● Raw data:
====

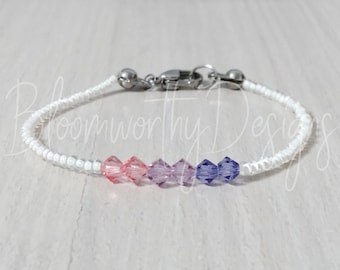 Cotton Candy Sunset Bracelet Ombre Crystal Bracelet Pink Purple Stackable Bracelet Minimalist Jewelry Thin Seed Bead Bracelet
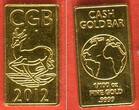 Deutschland 1/100 Unze Goldbarren Gold 2012 Cash-Gold-Bar - Motiv: Springbock Prfr. in Pappkarte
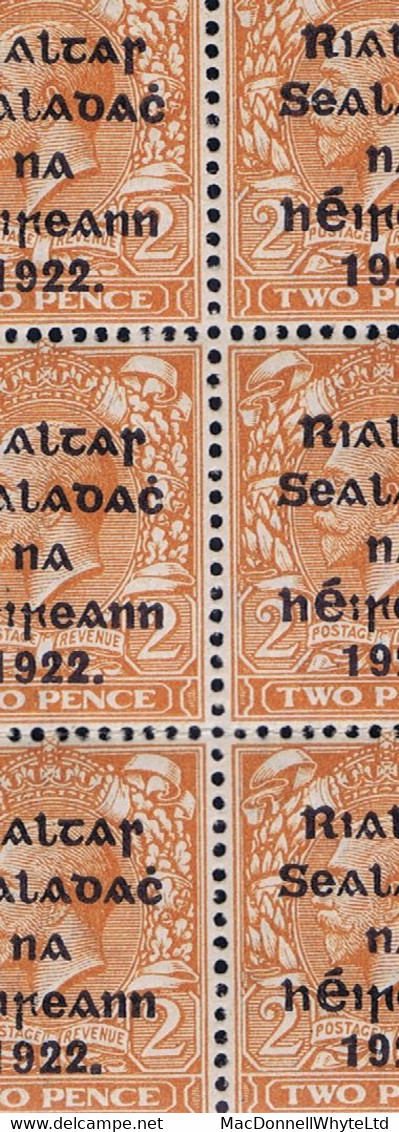 Ireland 1922 Thom Rialtas Blue-black 2d Orange Die 1 Marginal Block Of 18 Mint Unmounted, Plate 5 Showing Junction Of St - Ungebraucht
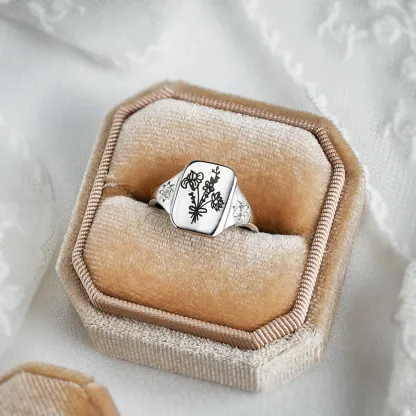 S925 Customized Diamond Birth Flower Ring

====

● Exercise description: After locating the line that contains "Deutschland 1/100 Unze", output it and all later lines through the end of the material exactly, leaving out pictures.

● Written answer:
 Deutschland 1/100 Unze Goldbarren Gold 2012 Cash-Gold-Bar - Motiv: Springbock Prfr. in Pappkarte
 Ireland 1922 Thom Rialtas Blue-black 2d Orange Die 1 Marginal Block Of 18 Mint Unmounted, Plate 5 Showing Junction Of St - Ungebraucht
 S925 Customized Diamond Birth Flower Ring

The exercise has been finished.